Active Directory is a set of objects located on the domain server, which contains all the information that allows users to control access to the network. It records user names and passwords, their access permissions to files, printers and other network resources, disk quotas, computers and times that each user can use, etc.
Interaction with Active Directory allows network users from the domain in which the system server is located to be imported and incorporated as system users.
There are 2 ways to do this integration, the first is by importing users directly from Active Directory. To do this, go to Users and click on Import from Active Directory as shown in the image below:
•Domain: Enter the network domain.
•User for domain authentication: User to authenticate to the domain with the right to list users.
•Password for domain authentication: Domain user password.
•Filter: Search filters allow you to define criteria and provide more efficient searches. To learn about the LDAP filter visit the Microsoft page: https://msdn.microsoft.com/en-us/library/aa746475(v=vs.85).aspx
After filling in the fields, click Search Users and all users registered in the domain will be listed. To add the desired users to the system, simply select them and click OK.

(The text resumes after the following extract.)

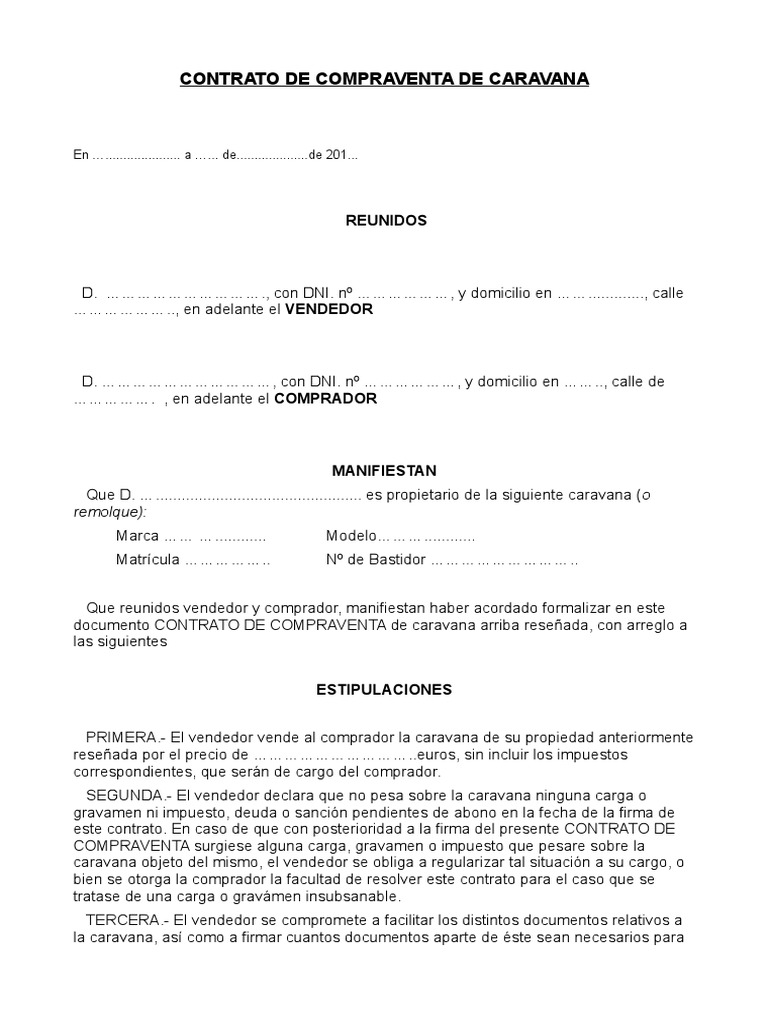 Contrato Compraventa Caravana Mma Superior 750 Kg Información Del Gobierno Justicia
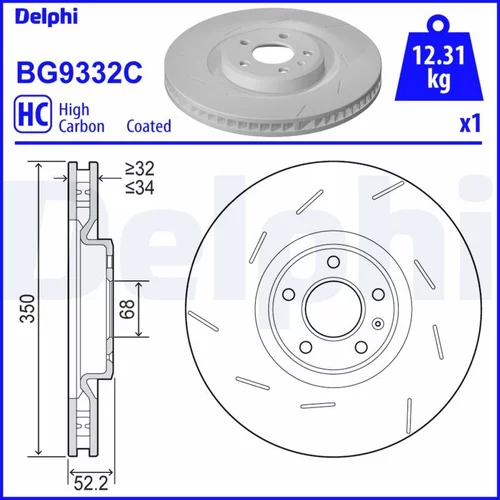 Brzdový kotúč BG9332C /DELPHI/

A user belonging to the domain has the following configuration screen:
All username and password options are blocked because authentication is done in the domain and no longer natively in the system, that is, the account lock, Biopass and Account expiration options will no longer be available.
The second way of integration is to create a user or change an existing native one. To do this, change the User Type field to Active Directory User. For correct operation, the user name and domain must be filled in correctly according to the users registered in the current Domain.